▸ **Action item**
Span requested from the data below: the line with "A gym with treadmills" through the line with "An aerial view", both included. Give only these lines again, exactly, and leave every picture out.

▸ **The data**
.....

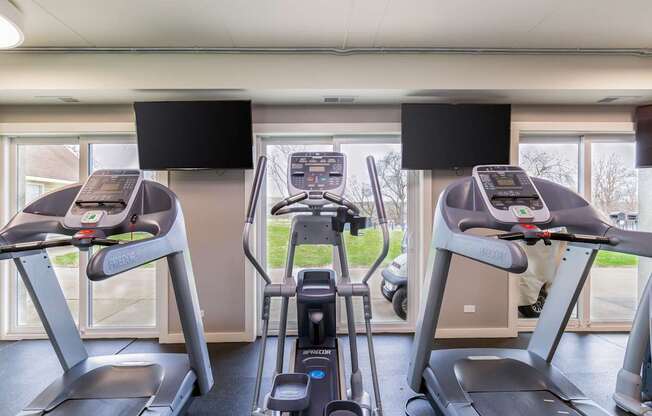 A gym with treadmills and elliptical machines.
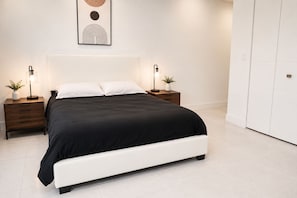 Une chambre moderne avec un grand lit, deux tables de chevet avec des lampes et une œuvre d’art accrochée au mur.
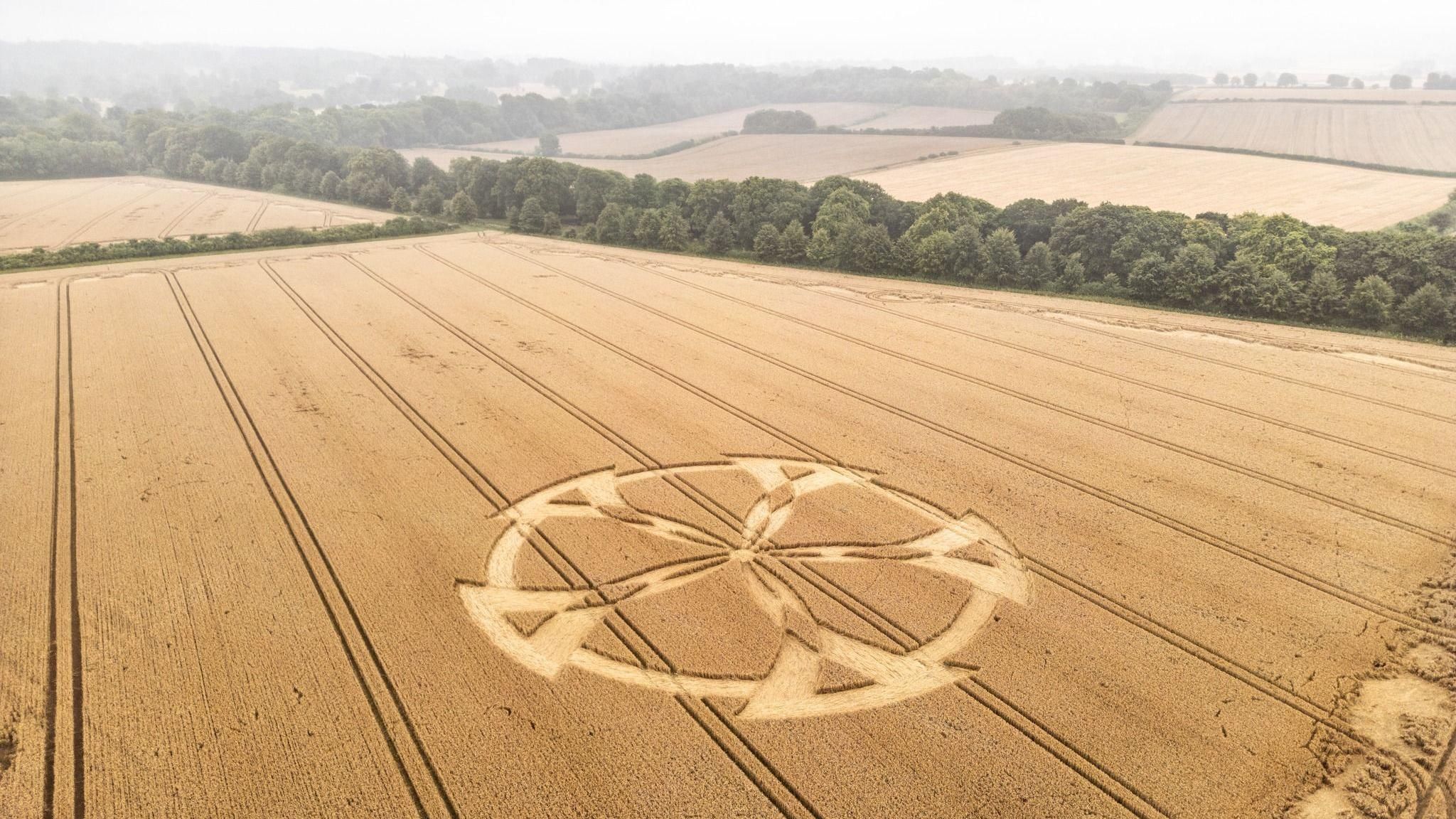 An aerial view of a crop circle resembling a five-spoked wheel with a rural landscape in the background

.....

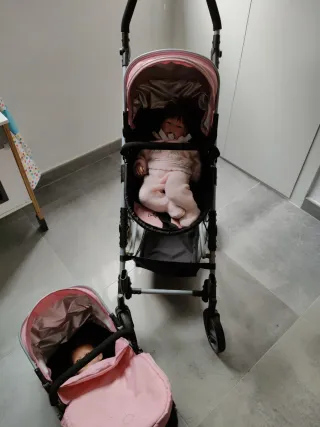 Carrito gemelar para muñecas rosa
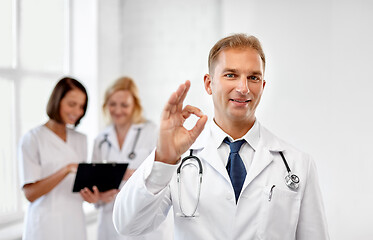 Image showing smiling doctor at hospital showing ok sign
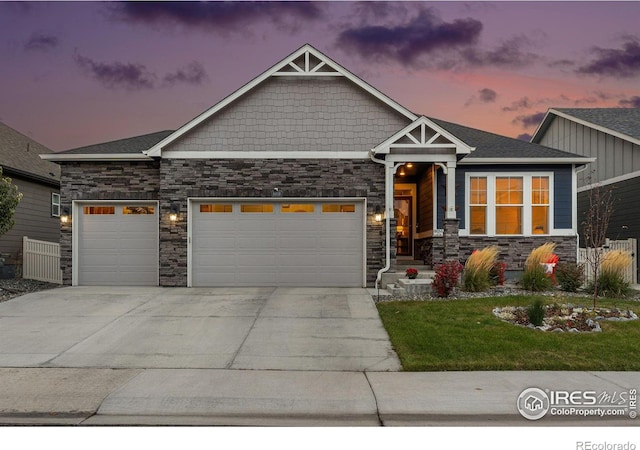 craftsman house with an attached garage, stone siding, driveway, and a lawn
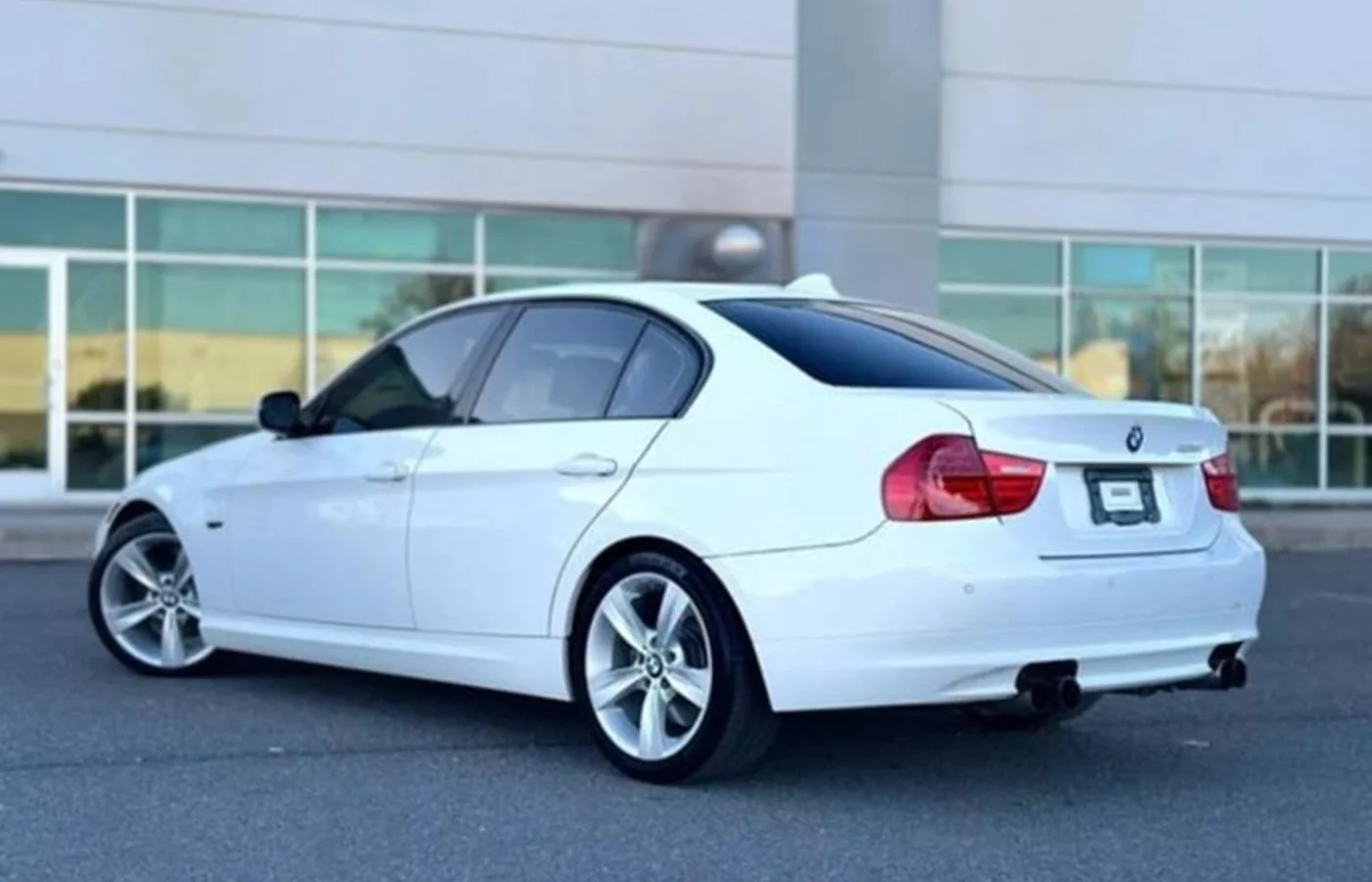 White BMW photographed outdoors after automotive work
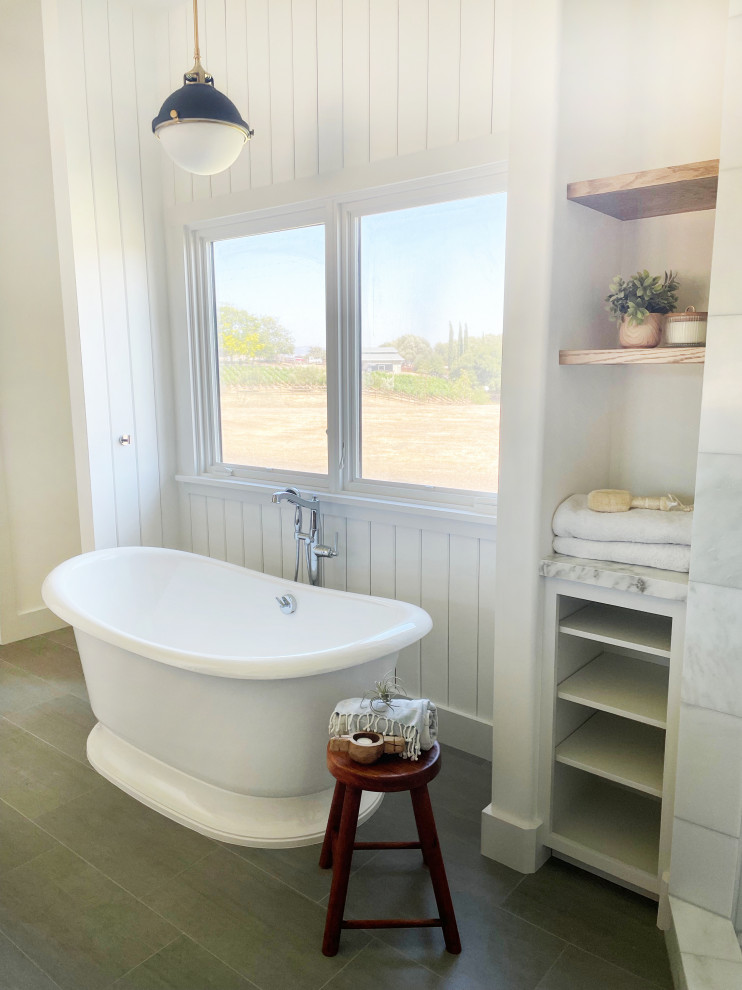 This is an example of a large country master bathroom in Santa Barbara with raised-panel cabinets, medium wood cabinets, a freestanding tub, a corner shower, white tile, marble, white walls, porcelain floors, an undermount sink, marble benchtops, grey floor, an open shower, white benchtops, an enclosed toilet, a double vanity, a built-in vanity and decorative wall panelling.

.....

▸ **Answer to the problem**
 A gym with treadmills and elliptical machines.
 Une chambre moderne avec un grand lit, deux tables de chevet avec des lampes et une œuvre d’art accrochée au mur.
 An aerial view of a crop circle resembling a five-spoked wheel with a rural landscape in the background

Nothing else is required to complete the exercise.